WLTE (95.5 FM) is a non-commercial radio station licensed to Powdersville, South Carolina. It is owned by the Educational Media Foundation and broadcasts a contemporary worship music format known as "Air1". It serves the western side of the Greenville-Spartanburg radio market in Upstate South Carolina.

The station is licensed by the Federal Communications Commission (FCC) to broadcast with an effective radiated power (ERP) of 6,000 watts. WLTE's transmitter is off Fire Tower Road in Piedmont.

==History==

The 95.9 allocation was originally part of the FCC’s 2007 spectrum auction, with Georgia-Carolina Wireless, LLC, owners of WGOG, winning bidder, with a construction permit originally granted that same year. Originally, WGOG was going to move to 95.9 to cover a larger population; due to objections, the plans were abandoned and the construction permit was sold to Salem Media Group in 2014. The facility signed on the air in April 2015 as WLTE at 95.9 MHz, a simulcast of WRTH (103.3 FM)'s classic hits format known as "Earth FM". WLTE was intended to cover the portions of the market west of Greenville, notably Anderson, Pickens, and Oconee counties.

On July 14, 2023, WLTE competed a move to 95.5 at its new transmitter site in Powdersville which gave the station more complete coverage of the Greenville portion of the market while still serving Anderson and Pickens counties. WRTH's 103.3 signal continued to serve eastern Greenville and Spartanburg county, giving the simulcast almost full market coverage. The stations' positioner was changed to "95.5 and 103.3 Earth FM, 80s and 90s Throwbacks".

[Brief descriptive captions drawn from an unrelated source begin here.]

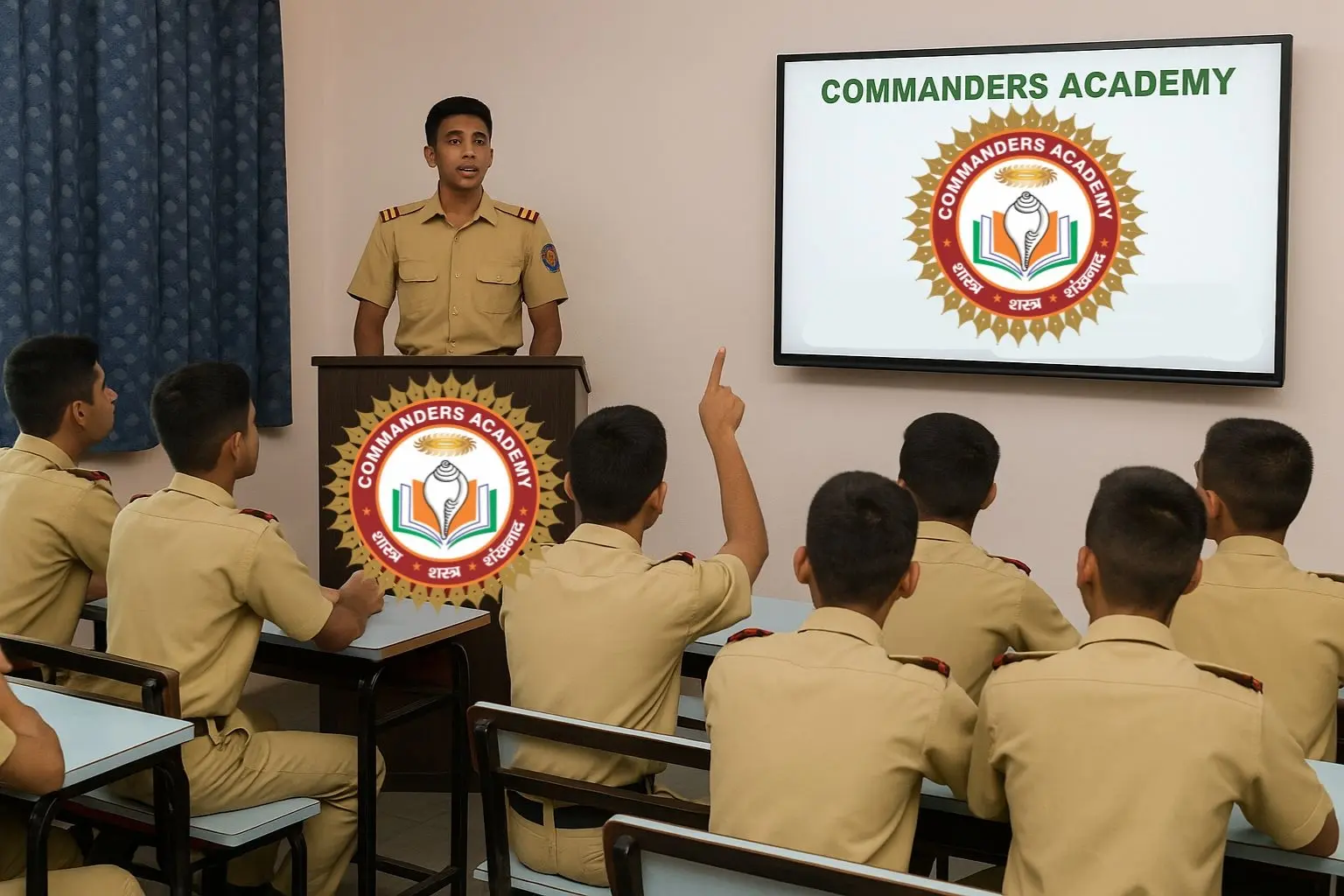 JNV previous year question paper Lucknow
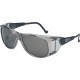 Lunettes Duality,TSR, brouillard, gris/Clair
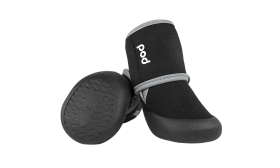 360° Helkivad Veekindlad Koerajalatsid – Libisemiskindlad Käpakaitsjad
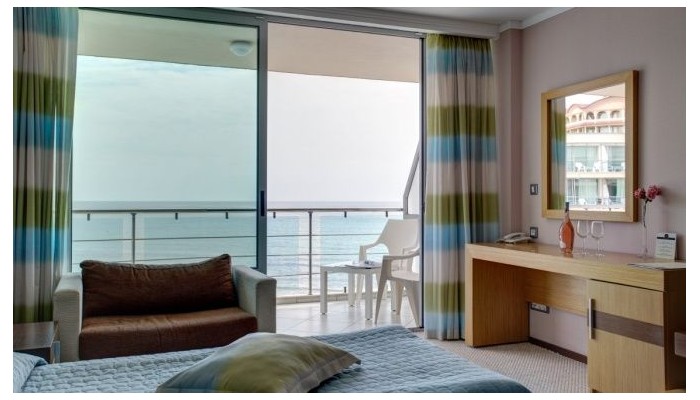 Poza pentru Hotel Sandy Bay ( Ex Mpm Zornitza Sands ) 334-1483610069 Hotel Sandy Bay (Ex Mpm Zornitza Sands) poza 68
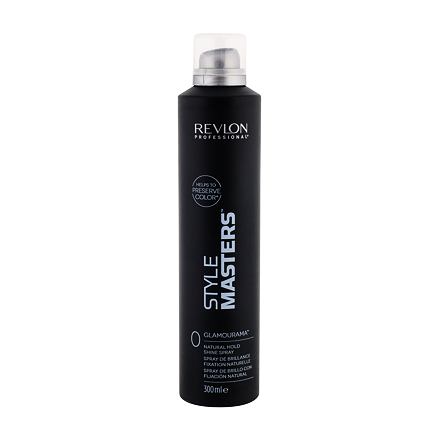 Revlon Style Master Glamourama Shine Spray 300ml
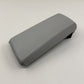 2021-2026 BMW M3 M4 G80 G82 Center Console Armrest Cover Lid Silverstone OEM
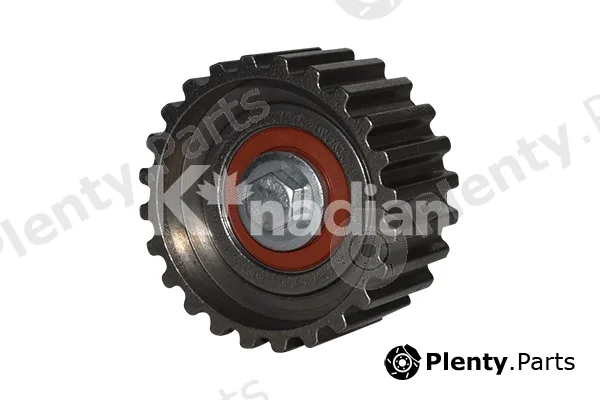 K'nadian 103104T — Tensioner Pulley, timing belt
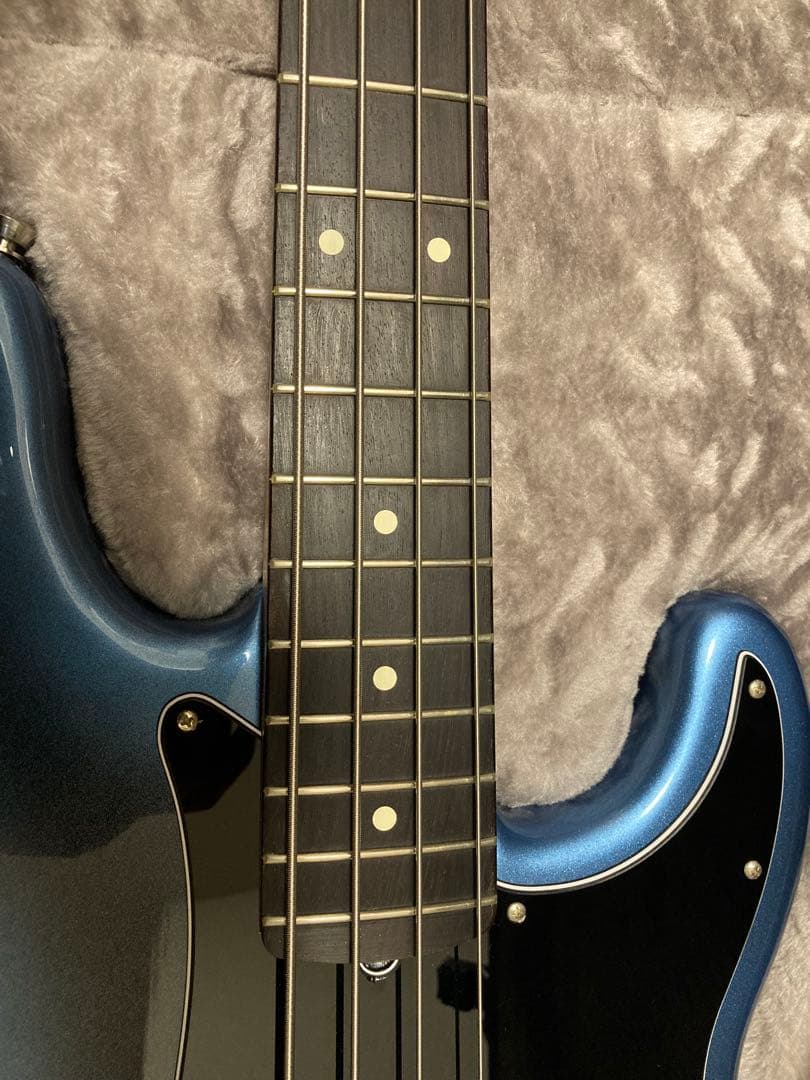 American professionalⅡ precisionbass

On August 23, 2023, an FCC filing disclosed that Salem would sell WRTH and WLTE, along with WGTK-FM, to the Educational Media Foundation for $6.775 million. EMF took over operations before the sale's closure by a local marketing agreement. The majority of the station’s air staff was let go at the end of September 2023, with the classic hits format continuing in to October, culminating with special farewell programming and a 90 minute set of music with goodbye-themed songs, signing off at 12:19am on October 29 after playing the closing theme from WKRP in Cincinnati, with program director Craig Debolt signing off and ID’ing the stations one final time. The stations briefly stunted with AC/DC’s Hell’s Bells until they flipped to EMF's Air 1 network shortly after. The sale was consummated on November 8, 2023.